* ABOUT THIS EXERCISE: The response should repeat word for word every line below from the one with "2,120/Mo, 22959 Twisting" to the one with "Chargeuse sur pneus Volvo L 120 G: photos 9", inclusive, and nothing else; leave pictures out.

(INPUT RECORDS begins)

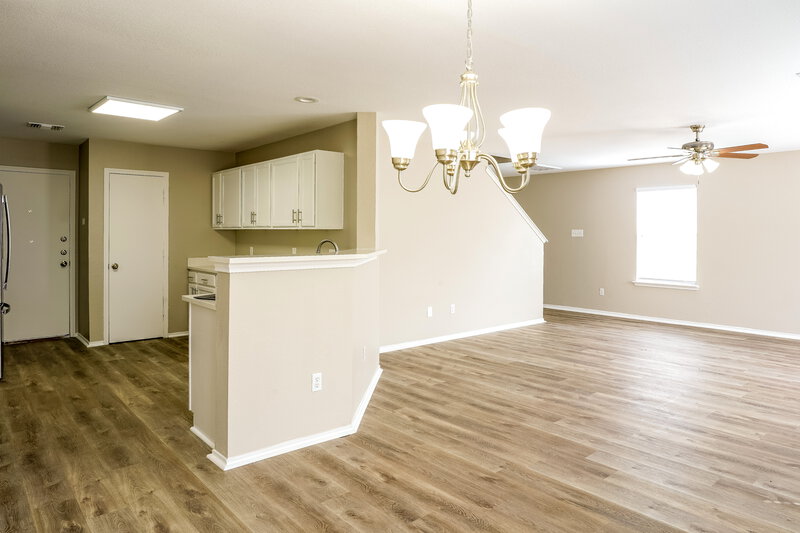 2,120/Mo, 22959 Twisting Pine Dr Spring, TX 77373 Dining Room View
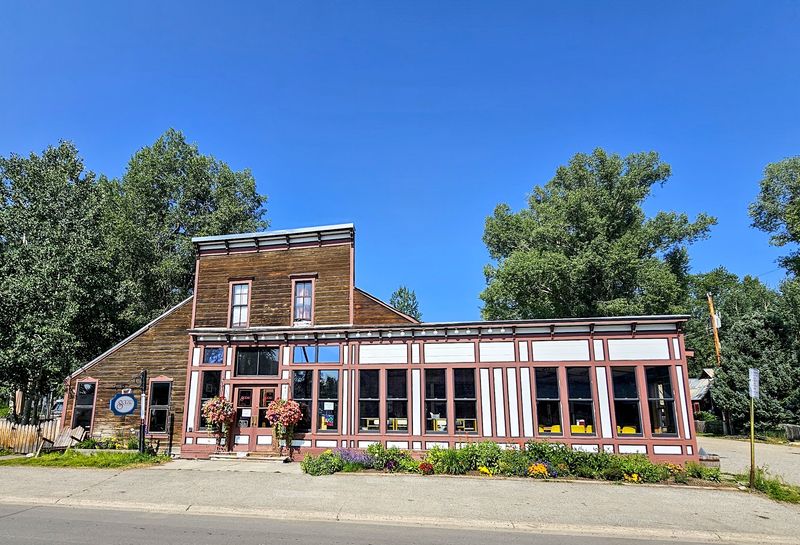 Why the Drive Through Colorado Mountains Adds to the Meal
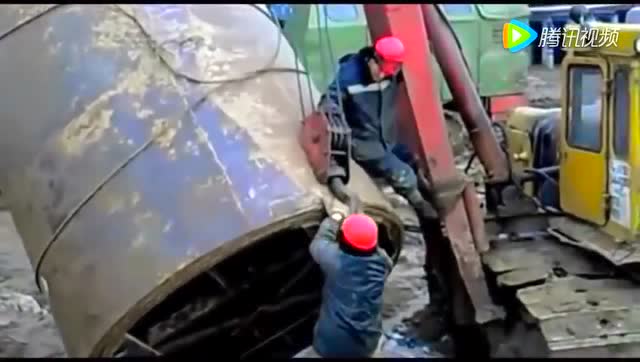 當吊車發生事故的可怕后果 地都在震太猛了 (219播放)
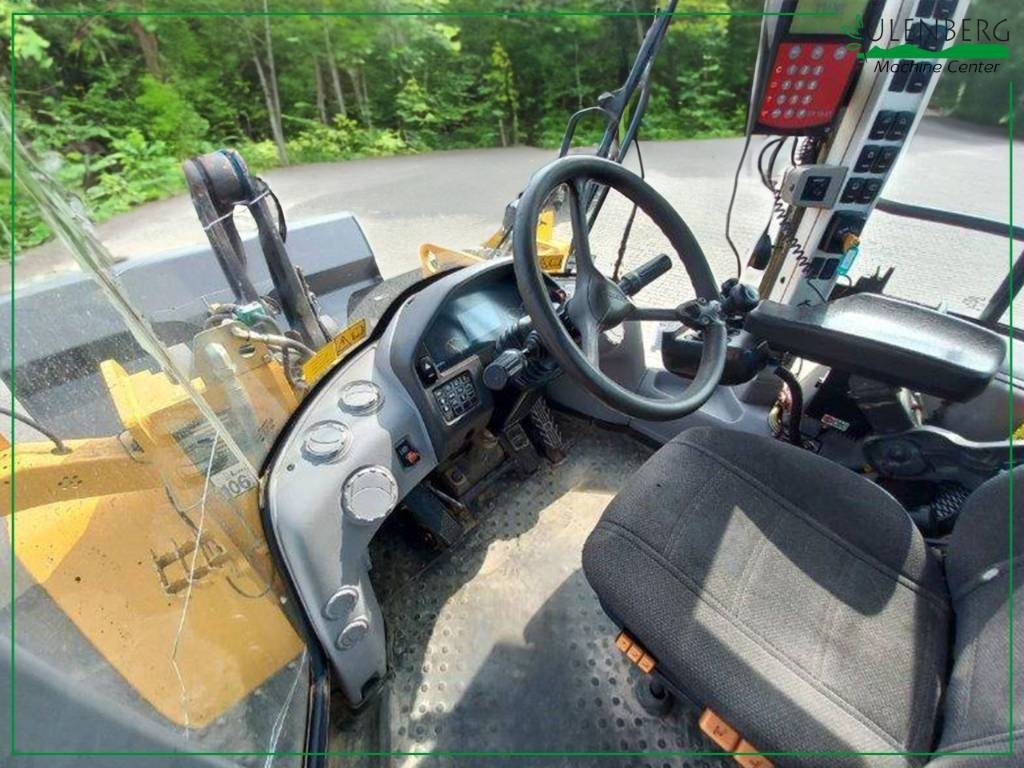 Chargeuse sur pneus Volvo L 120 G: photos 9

(INPUT RECORDS ends)
(INPUT RECORDS begins)

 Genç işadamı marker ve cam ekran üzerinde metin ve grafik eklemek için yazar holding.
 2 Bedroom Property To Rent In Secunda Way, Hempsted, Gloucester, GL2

(INPUT RECORDS ends)

* TASK RESULT:
 2,120/Mo, 22959 Twisting Pine Dr Spring, TX 77373 Dining Room View
 Why the Drive Through Colorado Mountains Adds to the Meal
 當吊車發生事故的可怕后果 地都在震太猛了 (219播放)
 Chargeuse sur pneus Volvo L 120 G: photos 9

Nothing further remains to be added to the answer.